To identify attack vectors, we systematically surveyed which potentially dangerous features exist in the PDF specification. We created a comprehensive list with all PDF Actions that can be called. This list contains 18 different actions which we carefully studied.
We selected eight actions – the ones that directly or indirectly allow access to a file handle and may therefore be abused for dangerous features such as URL invocation or writing to files. Having a list of security sensitive actions, we proceeded by investigating all objects and related events which can trigger these actions.
We identified four PDF objects which allow to call arbitrary actions (Page, Annotation, Field, and Catalog). For calling them, most objects offer multiple alternatives. The Catalog object, for example, defines the OpenAction or additional actions (AA) as events. Each event can launch any sequence of PDF actions, e.g., Launch, Thread, etc.. In addition, JavaScript actions can be embedded within documents, opening a new area for attacks. By using JavaScript, for example, new annotations can be created, which can have actions that once again lead to accessing file handles.
The goal of this class of attacks is to build a specially crafted PDF document which enforces processing applications to consume all available resources (i.e., computing time or memory) or causes them to crash.
Inducing an endless loop causes the program execution to get stuck. The PDF standard allows various elements of the document structure to reference to themselves, or to other elements of the same type.
PDF actions allow to specify a Next action to be performed, thereby resulting in "action cycles".
Object streams may extend other object streams allows the crafting of a document with cycles.
PDF documents may contain an outline. Its entries, however, can refer to themselves or each other.
PDF defines "Type 4" calculator functions, for example, to transform colors. Processing hard-to-solve mathematical formulas may lead to high demands of CPU.
Finally, in case the PDF application processes scripts within documents, infinite loops can be induced.
Data amplification attacks based on malicious zip archives are well-known. The first publicly documented DoS attack using a "zip bomb" was conducted in 1996 against a Fidonet BBS administrator. However, not only zip files but also stream objects within PDF documents can be compressed using various algorithms such as Deflate to reduce the overall file size.
The goal of this class of attacks is to track the usage of a document by silently invoking a connection to the attacker's server once the file is opened, or to leak PDF document form data, local files, or NTLM credentials to the attacker.
PDF documents that silently "phone home" should be considered as privacy-invasive. They can be used, for example, to deanonymize reviewers, journalists, or activists behind a shared mailbox. The goal of this attack is to open a backchannel to an attacker controlled server once the PDF file is opened by the victim.
The possibility of malicious URI resolving in PDF documents has been introduced by Hamon [1] who gave an evaluation for URI and SubmitForm actions in Acrobat Reader. We extend their analysis to all standard PDF features that allow to open a URL, such as ImportData, Launch, GoToR, and JavaScript.
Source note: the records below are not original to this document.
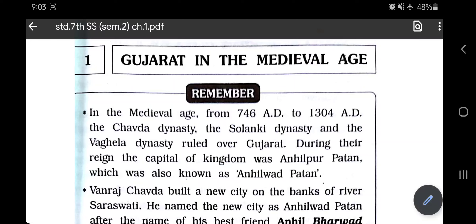Hello everybody. Today in Standard 7th, subject Social Science, we are going to learn the first lesson of Semester 2. In the SS subject textbook, the name of the first lesson is 'Gujarat in the Medieval Age.' Previously in the first semester, we studied about the medieval age and different big states. In this semester, the first lesson regards particularly one state — Gujarat.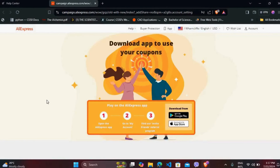Simply tap on it and it will prompt you to a new page. Here it says you need to download the AliExpress app on your phone. On the app, after you are logged in, go to your 'My Account' section, and there you can find the 'Invite Friends' referral program. It will provide you with an invite link or invite code.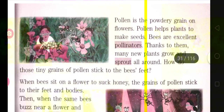Pollen is a powdery grain on flowers. Pollen helps plants to make seeds. Bees are excellent pollinators — they help seeds develop and new plants grow. Pollinators include butterflies and bees. Bees suck the nectar from flowers and carry it with them. When they sit on flowers to suck the nectar, pollen sticks onto their body parts and they carry it from one place to another.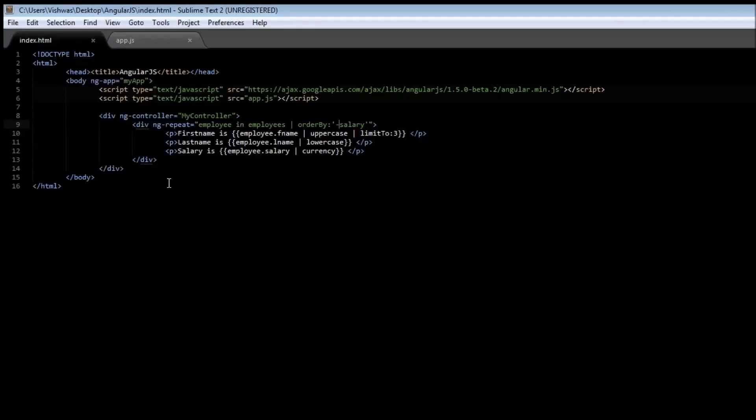So that's pretty much it about filters. Filters can be used to format expressions and directives. It usually follows a left-hand side, an expression, then a pipe character, followed by the filter that you want to use. Now in our next video, let us go ahead and study about a new directive called ng-click. So I'll see you in the next video.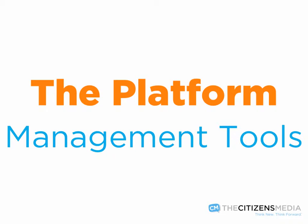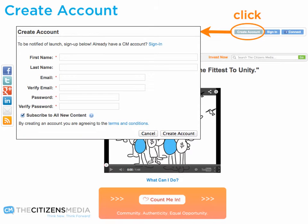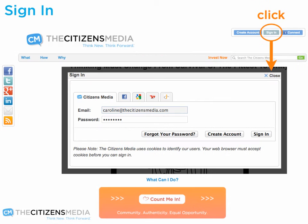To create content or access management tools, the first thing you'll want to do is to create an account. Once you've created an account, sign in.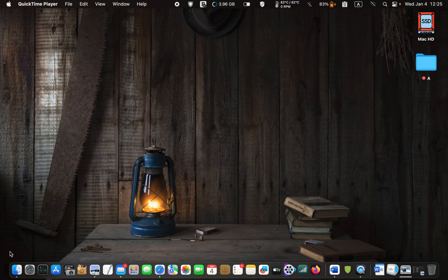Hello everyone. Welcome back to Lucid Tutorials. In this video, I will show you how to protect your Mac using LuLu, the free firewall app for macOS.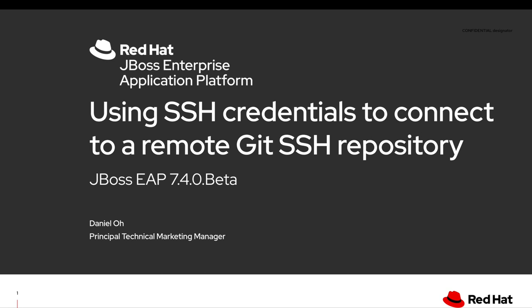Hi everybody, my name is Daniel. In this demo, I'm going to showcase how to use SSH credentials to connect to remote git SSH repository using JBoss EAP 7.4.0 beta.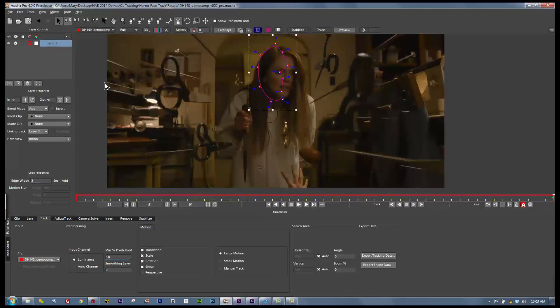Hi, I'm Mary Poplin. Welcome to NAB 2014. I'm Imagineer Systems' Los Angeles-based product specialist, and we're going to be talking about what's new in version 4. Let's talk about what's new.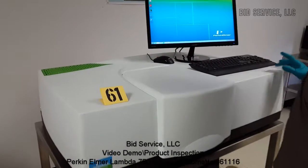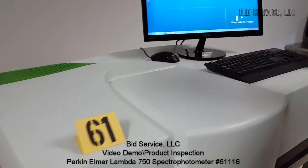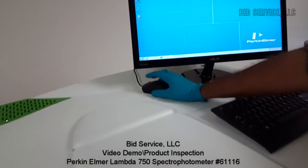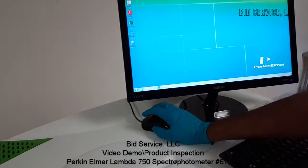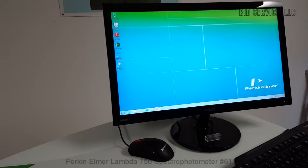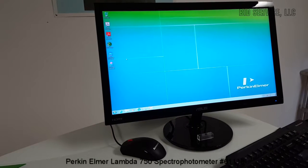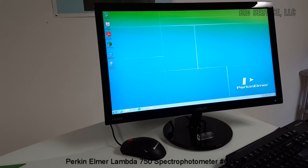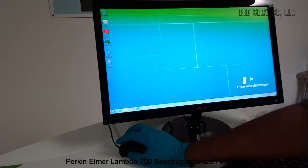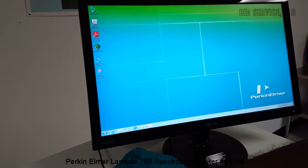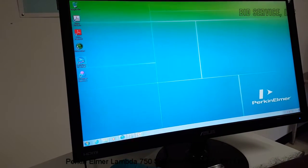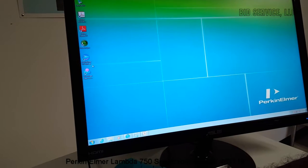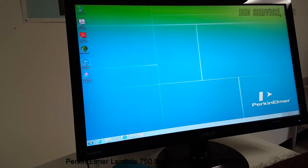Perkin Elmer Lambda 750 spectrophotometer. This system is interfaced to a computer with a Windows 7 operating system on it, and there is an application software that drives the spectrophotometer. It's Perkin Elmer UV WinLab.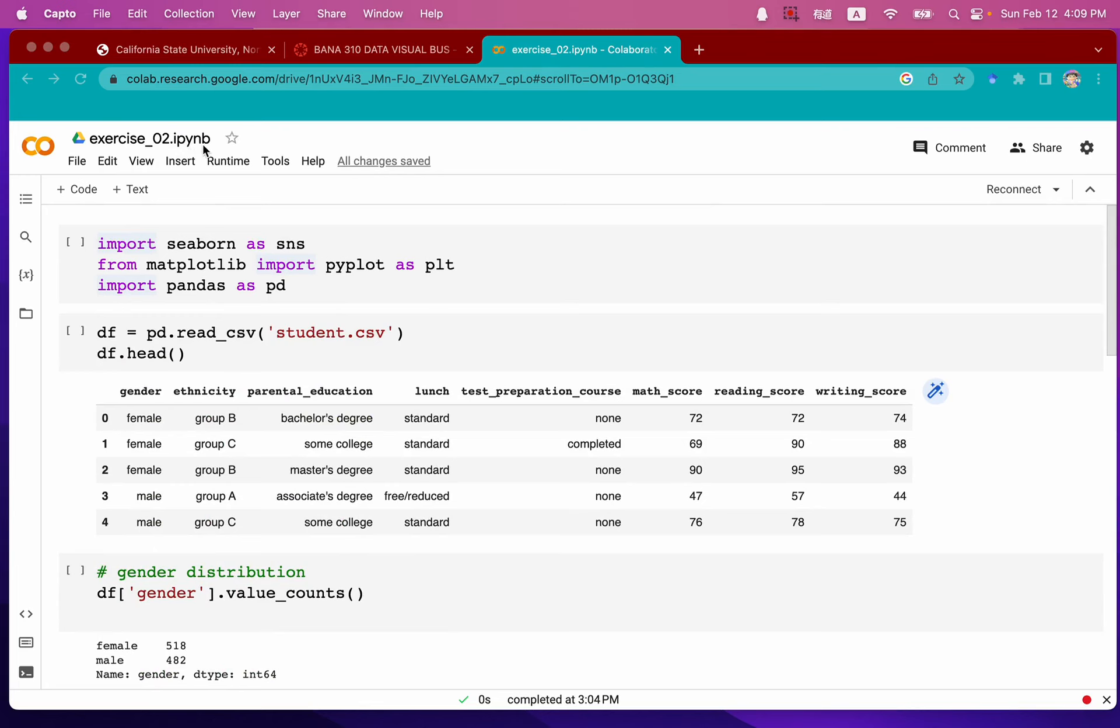This IPYNB file is a Colab notebook, and when you download this file, you cannot directly open it as a PDF or document. So what we're going to do is change this IPYNB file to HTML file so that your audience can better see your results and review your code as well as visualizations.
Documents can contain forms to be filled out by the user – a feature introduced with PDF version 1.2 in 1996 and used on a daily basis for routine offices tasks, such as travel authorization or vacation requests. The idea of this attack is as follows: The victim downloads a form – a PDF document which contains form fields – from an attacker controlled source and fills it out on the screen, for example, in order to print it. The form is manipulated by the attacker in such a way that it silently, without the user noticing, sends input data to the attacker's server.
The PDF standard defines various methods to embed external files into a document or otherwise access files on the host's file system, as documented below.
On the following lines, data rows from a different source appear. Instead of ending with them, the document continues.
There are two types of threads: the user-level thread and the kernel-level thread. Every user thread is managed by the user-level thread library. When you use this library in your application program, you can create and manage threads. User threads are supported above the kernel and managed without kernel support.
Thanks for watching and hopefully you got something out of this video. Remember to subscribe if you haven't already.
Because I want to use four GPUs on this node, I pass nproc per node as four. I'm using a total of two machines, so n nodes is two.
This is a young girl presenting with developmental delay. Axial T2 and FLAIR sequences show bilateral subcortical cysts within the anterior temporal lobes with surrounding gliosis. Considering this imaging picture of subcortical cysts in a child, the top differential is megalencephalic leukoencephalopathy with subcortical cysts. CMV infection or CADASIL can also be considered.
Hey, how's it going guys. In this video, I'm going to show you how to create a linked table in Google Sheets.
If a malicious document managed to firstly read files from the victim’s disk and secondly, send them back to the attacker, such behavior would arguably be critical.
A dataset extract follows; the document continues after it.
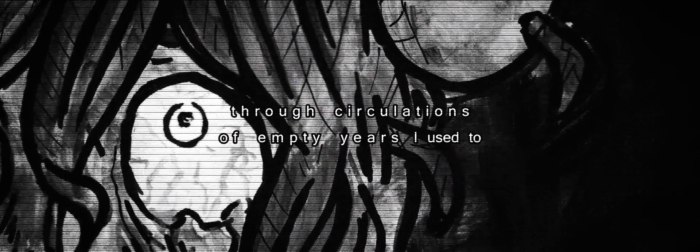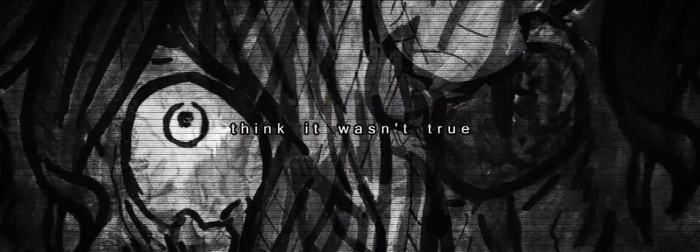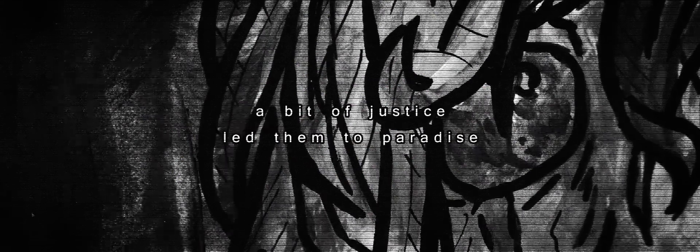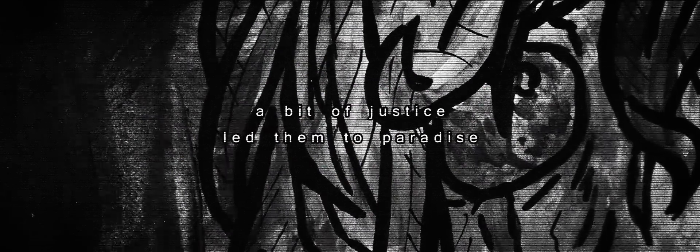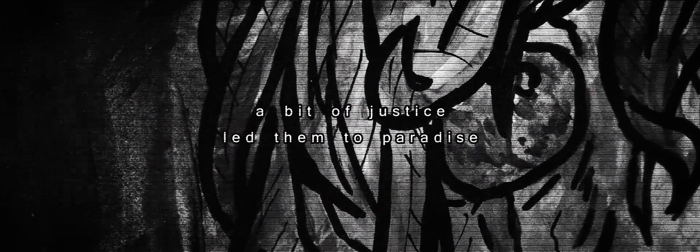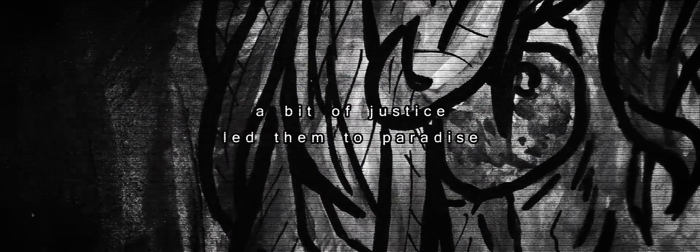Yes, I used to think it wasn't true. A bit of justice led them to paradise.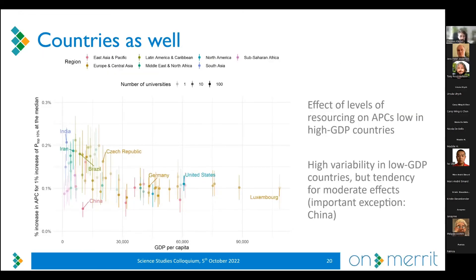Looking at country-level results, the figure mirrors the earlier country figure: countries with relatively higher GDP per capita show a low effect of institutional resourcing on APC. We interpret this as a threshold effect — once a country reaches a certain level of affluence, almost all its institutions can support APCs, so differences in institutional resourcing within the country are not very meaningful. But in countries with generally lower research funding, differences between institutions make a much stronger difference in terms of the outcomes we observe.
In 1997, Aaron Spangler posted a vulnerability in Windows NT on the Bugtraq mailing list [2]: Any client program can trigger a connection to a rogue SMB server. If the server requests authentication, Windows will automatically try to log in with a hash of the user's credentials. Such captured NTLM hashes allow for efficient offline cracking and can be re-used by applying pass-the-hash or relay attacks to authenticate under the user's identity. In April 2018, Check Point Research [3] showed that a similar attacks can be performed with malicious PDF files. They found that the target of GoToR and GoToE actions can be set to \\attacker.com\dummyfile, thereby leaking credentials in the form of NTLM hashes.
This attack class deals with the capabilities of malicious documents to silently modify form data, to write to local files on the host’s file system, or to show a different content based on the application that is used to open the document.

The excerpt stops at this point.